BlackRock alimente en ETF les néo-courtiers prisés des jeunes investisseurs (qui, quand ils seront moins jeunes et auront plus d’argent, conserveront sans doute l’habitude des ETF et ne travailleront certainement pas avec la banque ou le CGP de leurs parents), crée et gère des portefeuilles-modèles d’ETF pour des réseaux de distribution et vend Aladdin à ses concurrents.
En bref, BlackRock est partout.
La société n’a aucune difficulté à financer ses acquisitions et finira par devenir un des géants de l’alternatif.

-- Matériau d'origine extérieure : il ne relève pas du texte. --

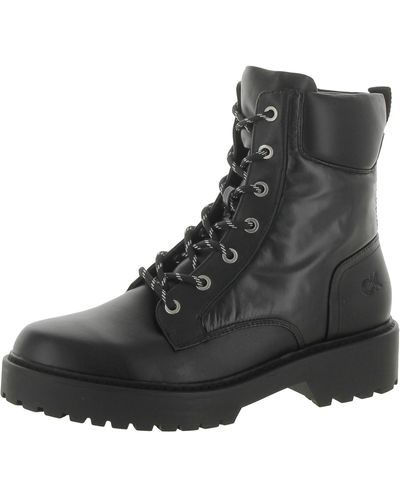 Calvin Klein Sallon Faux Leather Round Toe Combat & Lace-up Boots - Black
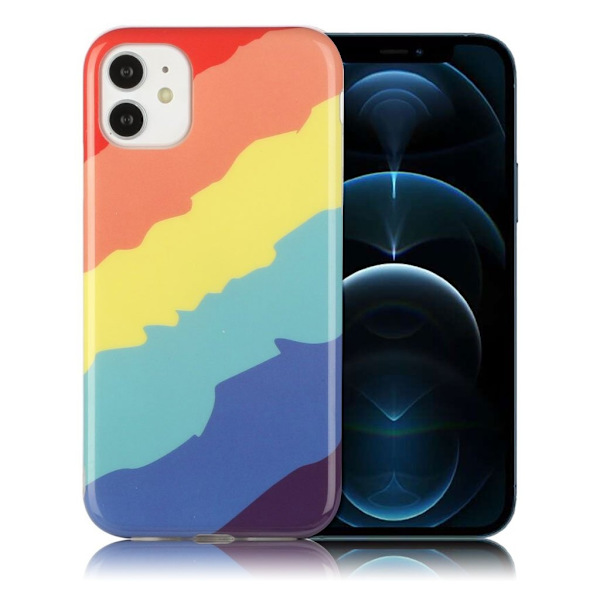 Deco iPhone 12 Pro / iPhone 12 kotelot - Sateenkaari Rinne Multicolor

De l’ETF S&P 500 à 0,03% de frais (IVV3) au plus gros ETF Bitcoin (IBIT) à 0,25% de frais, en passant par des stratégies alternatives bien plus chères, on trouvera bientôt tout chez BlackRock. Comme à la Samaritaine.
Bye bye Goldman, hello BlackRock.
Cette chronique, rédigée le 13 novembre 2024, est parue initialement dans le numéro de décembre 2024 de Gestion de Fortune, sans les illustrations, les notes de bas de pages, ni les liens
Asset, Liability, Debt and Derivative Investment Network.
BlackRock a annoncé le 3 décembre 2024 l’acquisition de HPS Investment Partners, un spécialiste du crédit privé gérant 148 milliards de $, pour 12 milliards de $ payés en actions BlackRock.
Et non pas VOO, qui est l’ETF répliquant le S&P 500 géré par Vanguard, comme je l’ai écrit par erreur dans la version de l’article publiée par Gestion de Fortune mise en ligne sur Alpha Beta Blog jusqu’à la correction en date du 6 décembre. Les 2 ETF ont les mêmes frais : 0,03% par an. Merci à Nicolas pour sa vigilance.
Bonjour Philippe, je pense qu'il y a une coquille dans le dernier paragraphe : le VOO est géré par Vanguard, pas par BlackRock.